In quantitative verse
The classical hendecasyllable is a quantitative meter used in Ancient Greece in Aeolic verse and in scolia, and later by the Roman poet Catullus.[1] Each line has eleven syllables; hence the name, which comes from the Greek word for eleven.[2] The heart of the line is the choriamb (- u u -). There are three different versions.

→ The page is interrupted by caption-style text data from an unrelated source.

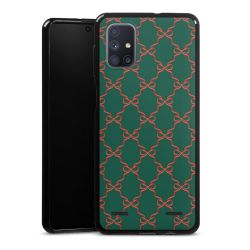 New Carry Case Hülle Schwarz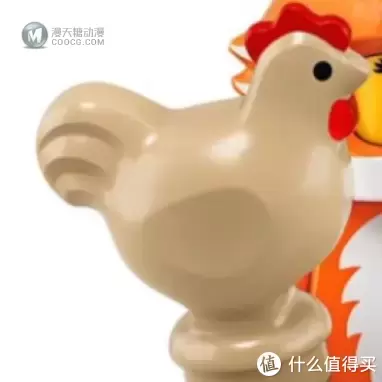 乐高资讯 篇十二：吐血干货！第19季抽抽乐摸骨大法在线教学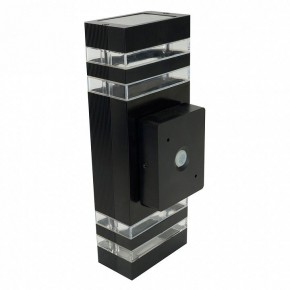 Светильник на штанге Feron DH0807-P 51539 в Салехарде - salekhard.ok-mebel.com | фото 3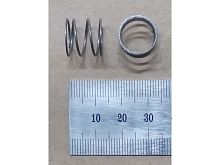 Пружина храповика__UC3503A (225184012) купить в сервисном центре Технопрофиль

The pattern of the Phalaecian (Latin: hendecasyllabus phalaecius) is as follows (using "-" for a long syllable, "u" for a short and "x" for an "anceps" or variable syllable):
x x - u u - u - u - - (where x x is either - u or - - or u -)
Another form of hendecasyllabic verse is the "Alcaic" (Latin: hendecasyllabus alcaicus; used in the Alcaic stanza), which has the pattern:
x - u - x - u u - u -
The third form of hendecasyllabic verse is the "Sapphic" (Latin: hendecasyllabus sapphicus; so named for its use in the Sapphic stanza), with the pattern:
- x - x - u u - u - -
"The hendecasyllabic offers the opportunity to maintain the basic sapphic rhythm for a long period, building up momentum."[2]
Of the polymetric poems of Catullus, forty-three are hendecasyllabic. The metre has been imitated in English, notably by Alfred Tennyson, Swinburne, and Robert Frost, cf. "For Once Then Something." Contemporary American poets Annie Finch ("Lucid Waking") and Patricia Smith ("The Reemergence of the Noose") have published recent examples. Poets wanting to capture the hendecasyllabic rhythm in English have simply transposed the pattern into its accentual-syllabic equivalent: /u|/u|/uu/u|/u|, or trochee/trochee/dactyl/trochee/trochee, so that the long/short pattern becomes a stress/unstress pattern. Tennyson, however, maintained the quantitative features of the metre:
- O you chorus of indolent reviewers,
- Irresponsible, indolent reviewers,
- Look, I come to the test, a tiny poem
- All composed in a metre of Catullus...
- ("Hendecasyllabics")
For an example, see Catullus 1.
In Italian poetry
The hendecasyllable (Italian: endecasillabo) is the principal metre in Italian poetry. Its defining feature is a constant stress on the tenth syllable, so that the number of syllables in the verse may vary, equaling eleven in the usual case where the final word is stressed on the penultimate syllable. The verse also has a stress preceding the caesura, on either the fourth or sixth syllable. The first case is called endecasillabo a minore, or lesser hendecasyllable, and has the first hemistich equivalent to a quinario; the second is called endecasillabo a maiore, or greater hendecasyllable, and has a settenario as the first hemistich.[3]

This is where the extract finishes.